Reynolds has also held a visible thought-leadership role in the channel, educating partners on how to sell to younger generations and offering insight on technologies. He also serves on the Channel Futures Editorial Advisory Board.
Reynolds said he has witnessed a major transformation in partner technology portfolios since he joined the company in 2014.
“When I first started at TBI, T1s were still a common thing that we talked about. And now if you say the word ‘T1’ to a partner that is new to the channel, they almost laugh at you: ‘T1, what?’”
Reynolds said partners are pushing for more cloud-based, services-based and subscription-based technologies. Moreover, they are talking about themselves more in terms of the business outcomes they provide to customers, or “the human experience,” as Reynolds puts it. And COVID-19 only accelerated that. Reynolds said the pandemic caused our industry to advance two or three years into the future
It’s an evolution of both technology and business models.
“A lot of people are realizing that maybe they don’t have the best business practices, and the channel is a great place to exchange those practices,” Reynolds said.
Reynolds encouraged fellow channel partners to …
… continually educate themselves. Do your research, read the news, and most importantly, discuss your findings with your peers. Reynolds summed it up in one short phrase: “Don’t get comfortable.”
“Don’t get comfortable selling one thing or talking to customers about one solution and not moving on to something else or not digging a little deeper, because the channel is directly tied to enhancing human experience,” he said. “And we’re doing that through technology and best business practices. If you get comfortable, the bus is going to leave without you.”

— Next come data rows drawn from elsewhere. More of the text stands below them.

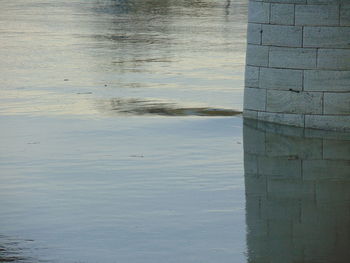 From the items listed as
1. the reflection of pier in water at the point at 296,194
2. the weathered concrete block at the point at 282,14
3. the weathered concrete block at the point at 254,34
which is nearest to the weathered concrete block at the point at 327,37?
the weathered concrete block at the point at 282,14

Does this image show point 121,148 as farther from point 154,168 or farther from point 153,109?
point 153,109

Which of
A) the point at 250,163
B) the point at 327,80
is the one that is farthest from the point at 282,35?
the point at 250,163

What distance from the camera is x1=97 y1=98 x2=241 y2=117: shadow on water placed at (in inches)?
917

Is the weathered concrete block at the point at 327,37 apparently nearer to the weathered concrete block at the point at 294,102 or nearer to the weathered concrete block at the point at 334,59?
the weathered concrete block at the point at 334,59

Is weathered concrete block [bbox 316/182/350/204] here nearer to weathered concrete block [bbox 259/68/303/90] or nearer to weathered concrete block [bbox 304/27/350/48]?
weathered concrete block [bbox 259/68/303/90]

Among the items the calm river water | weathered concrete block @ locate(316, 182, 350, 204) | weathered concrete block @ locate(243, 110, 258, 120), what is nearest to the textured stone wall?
weathered concrete block @ locate(243, 110, 258, 120)

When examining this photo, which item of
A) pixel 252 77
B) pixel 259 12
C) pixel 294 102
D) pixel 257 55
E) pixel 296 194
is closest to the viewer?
pixel 296 194

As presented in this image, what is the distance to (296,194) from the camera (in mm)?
16938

Reynolds works toward that “human experience” outside of his day job. He helps lead a diversity and inclusion group at TBI. He and his colleagues launched the group when TBI numbered about 60 employees. Now TBI hovers closer to 300 employees, and the D&I group has 30 people. They meet once or twice a week to discuss trends in society, hear each other’s unique stories and enjoy a safe space.
“It’s really important to create a safe space, because when you have a lot of employees at your company, you want them to bring their whole self to their work,” Reynolds said.

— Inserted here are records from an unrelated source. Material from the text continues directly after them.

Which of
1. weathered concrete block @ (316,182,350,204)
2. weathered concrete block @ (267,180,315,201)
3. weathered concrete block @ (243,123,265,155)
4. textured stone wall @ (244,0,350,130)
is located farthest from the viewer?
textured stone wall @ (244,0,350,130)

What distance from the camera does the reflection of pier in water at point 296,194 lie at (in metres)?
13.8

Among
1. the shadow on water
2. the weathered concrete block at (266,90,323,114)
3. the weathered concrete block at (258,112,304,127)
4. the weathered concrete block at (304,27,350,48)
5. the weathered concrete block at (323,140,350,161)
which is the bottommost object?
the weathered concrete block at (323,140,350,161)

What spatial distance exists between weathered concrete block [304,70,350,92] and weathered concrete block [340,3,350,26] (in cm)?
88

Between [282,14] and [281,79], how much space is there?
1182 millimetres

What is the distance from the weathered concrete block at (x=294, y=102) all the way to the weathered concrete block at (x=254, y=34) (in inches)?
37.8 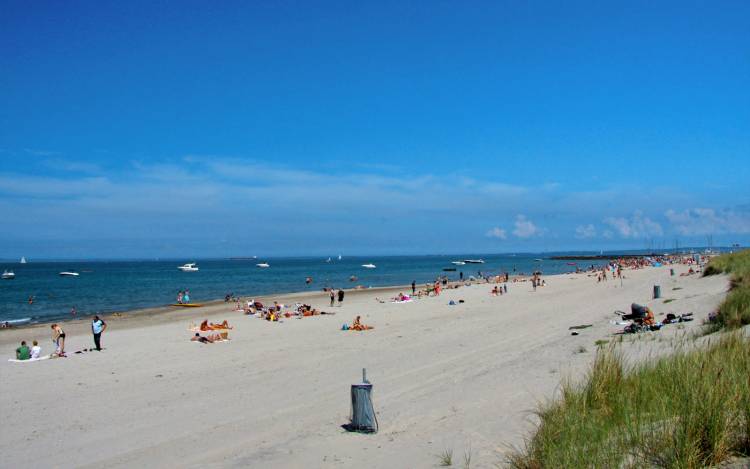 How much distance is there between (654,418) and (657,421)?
12cm

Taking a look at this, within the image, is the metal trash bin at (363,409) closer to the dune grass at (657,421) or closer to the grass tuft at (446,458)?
the grass tuft at (446,458)

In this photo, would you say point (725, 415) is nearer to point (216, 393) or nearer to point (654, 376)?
point (654, 376)

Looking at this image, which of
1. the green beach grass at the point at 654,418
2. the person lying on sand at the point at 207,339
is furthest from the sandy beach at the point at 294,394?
the green beach grass at the point at 654,418

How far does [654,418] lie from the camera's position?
4.75 metres

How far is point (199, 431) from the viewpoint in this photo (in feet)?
27.5

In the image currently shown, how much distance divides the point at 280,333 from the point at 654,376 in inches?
628

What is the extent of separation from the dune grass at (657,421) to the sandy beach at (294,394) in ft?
3.29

Reynolds also serves as vice president for the Meals on Wheels Chicago associate board, working to help homebound seniors and people with disabilities keep their independence.
“No one should go hungry or have their independence compromised because of age or disability,” he said.

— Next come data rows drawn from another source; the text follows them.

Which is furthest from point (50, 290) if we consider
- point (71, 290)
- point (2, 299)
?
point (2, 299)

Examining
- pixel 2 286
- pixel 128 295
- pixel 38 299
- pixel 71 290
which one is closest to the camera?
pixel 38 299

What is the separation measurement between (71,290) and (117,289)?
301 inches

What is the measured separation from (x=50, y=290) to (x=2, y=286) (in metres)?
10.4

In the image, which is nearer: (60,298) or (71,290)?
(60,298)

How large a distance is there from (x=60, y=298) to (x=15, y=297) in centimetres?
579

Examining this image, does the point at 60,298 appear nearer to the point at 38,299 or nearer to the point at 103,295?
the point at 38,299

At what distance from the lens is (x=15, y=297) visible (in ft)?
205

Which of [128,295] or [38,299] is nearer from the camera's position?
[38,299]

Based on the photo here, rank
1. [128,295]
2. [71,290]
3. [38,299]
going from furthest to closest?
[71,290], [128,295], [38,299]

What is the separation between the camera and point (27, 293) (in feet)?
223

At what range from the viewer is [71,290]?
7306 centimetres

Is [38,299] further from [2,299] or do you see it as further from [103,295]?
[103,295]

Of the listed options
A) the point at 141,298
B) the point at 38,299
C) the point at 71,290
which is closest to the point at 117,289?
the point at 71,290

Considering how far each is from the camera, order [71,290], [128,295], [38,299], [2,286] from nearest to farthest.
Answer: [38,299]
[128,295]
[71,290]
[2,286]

Reynolds said has benefited from thinking of life as a series of peaks and valleys.
“You’re going to be on top of a peak one day; the next day you might be in a valley. That’s OK. Just know that a peak comes after that,” Reynolds said.
One doesn’t need to experience dramatic life events to recognize this ebb and flow. Reynolds said even the most mundane moments can put us in a valley. But in those moments, can you take a moment to acknowledge the valley, build yourself up and move forward?
“It’s a day-by-day thing for me. You might be having a day where you don’t feel like you’re succeeding and you don’t feel like you’re going anywhere. You don’t feel like you’re making an impact,” he said. “But all it takes is one little detail, one little spark, and then that can be turned around, and you can head up to that peak again.”